We can see that if the Fed were able to alter the nominal policy rate each period so that the real rate of interest were equal to the efficient rate of interest, the term inside the first bracket would be zero (the last circular bracket is related to government spending which we can ignore for the purposes of our discussion here) and output growth would be maximized.

However, the position many central banks currently find themselves in to varying degrees cannot be remedied by simple alteration of the nominal policy rate. Take the Federal Reserve, which has its current policy rate effectively at the zero lower bound and is thus unable to lower it any further, and has fairly low inflation expectations . In our equation above, this is represented by the i’s being set to zero at shorter horizons. Yet from our model, we would expect the efficient rate of interest (from a modelling perspective) to be negative during periods of severe economic contraction. If this efficient rate is less than the real rate of interest the term inside the brackets is positive and we have a sub-optimal outcome. Unfortunately current nominal rates cannot be lowered to compensate this, so we end up in a situation where monetary policy is too tight but we are unable to loosen current monetary policy further. But we can see from the equation that current output growth depends on the entire future path of nominal interest rates, so one way we can loosen current policy is to pledge to keep nominal policy rates at zero for longer than previously expected. If everything else in our equation above remains constant (a simplifying assumption for our discussion) then current output growth must naturally increase.

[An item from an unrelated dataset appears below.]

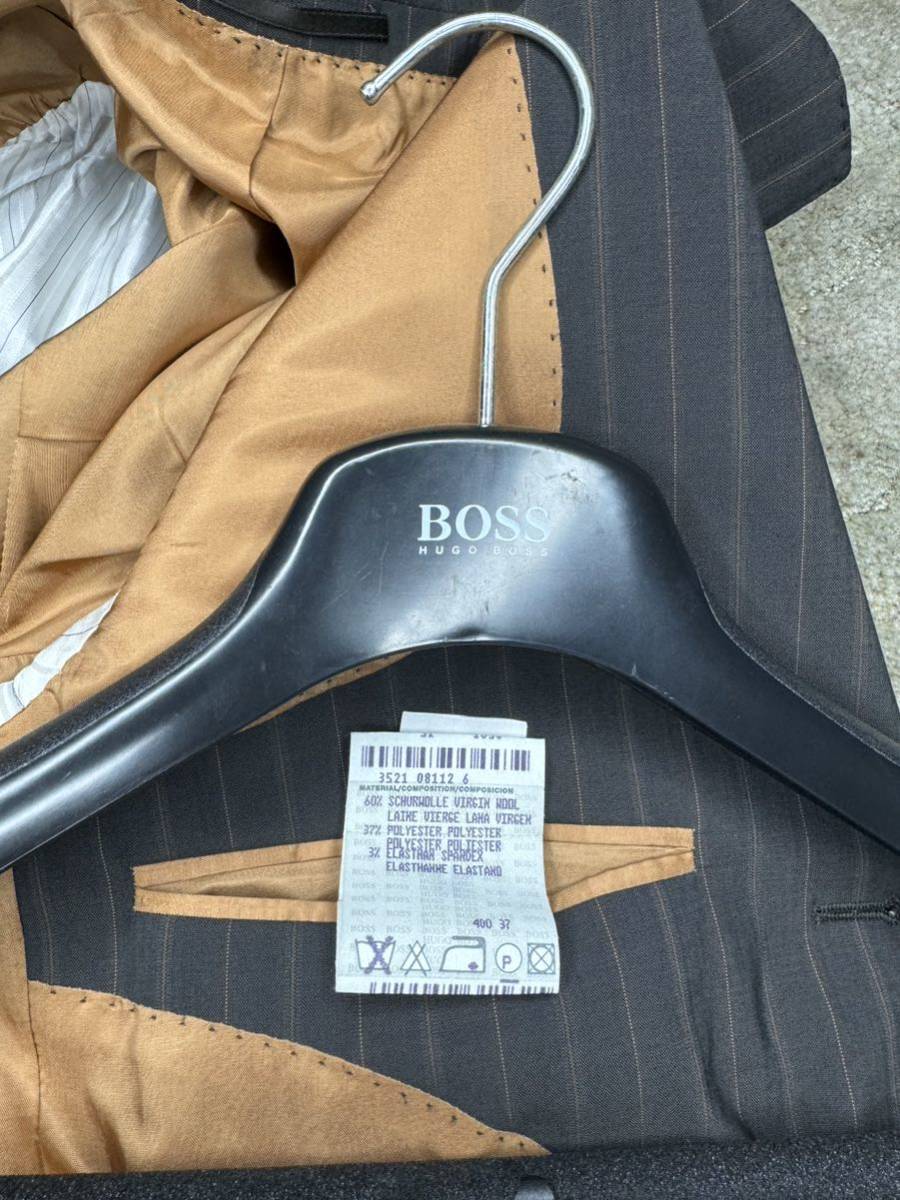 BOSS HUGO BOSS ヒューゴ・ボス スーツ上下セット シングル ストライプ チャコール ブラウン 茶色 サイズM相当 46サイズ 中古の画像10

So what is the difference between good and bad forward guidance? Well there could be many different forms of bad forward guidance, but I want to focus on just one. Let’s take the forward guidance policy that generally characterized that of the Fed before last December when the change was made. Generally, the statements said that the Fed was extending its forecast for how long nominal policy rates should remain at or near zero. Take the statement above that economic conditions meant near zero rates are “likely to be warranted at least through mid-2015.” The problem with these statements is that they don’t tell us whether this means the monetary authority has decided the loosen its own stance, or whether it simply expects economic conditions to be worse than previously expected.

Take our above equation. If markets took such commitments as representing a loosening of policy, the term inside the brackets decreases and current output increases – the desired effect. However if these comments are interpreted as meaning the monetary authority expects economic conditions in the future to be worse than previously expected then either the expected future output term in our equation decreases, or the expectations of future inflation (the π_s) decrease, or both decline. Either way, the extension of near zero interest rates is simply responding to worsening economic conditions and does not constitute a relative loosening of policy. At best, the policy achieves no improvement, at worst it signals to market participants that the monetary authority is losing control of its stabilization mandate by repeatedly undershooting its inflation and/or output stabilization targets.

The new forward guidance, coined by some as the “Evans rule” after Chicago Fed president Charles Evans, whist not perfect nevertheless avoids such confusion by illustrating the criteria the Fed uses to decide on the path of nominal rates, and enables market participants to directly observe how loose policy is and how loose it is likely to remain. Most importantly, it clearly illustrates that the Fed will loosen policy until one of two objectives is achieved – inflation expectations increase to 2.5% or unemployment falls to 6.5%.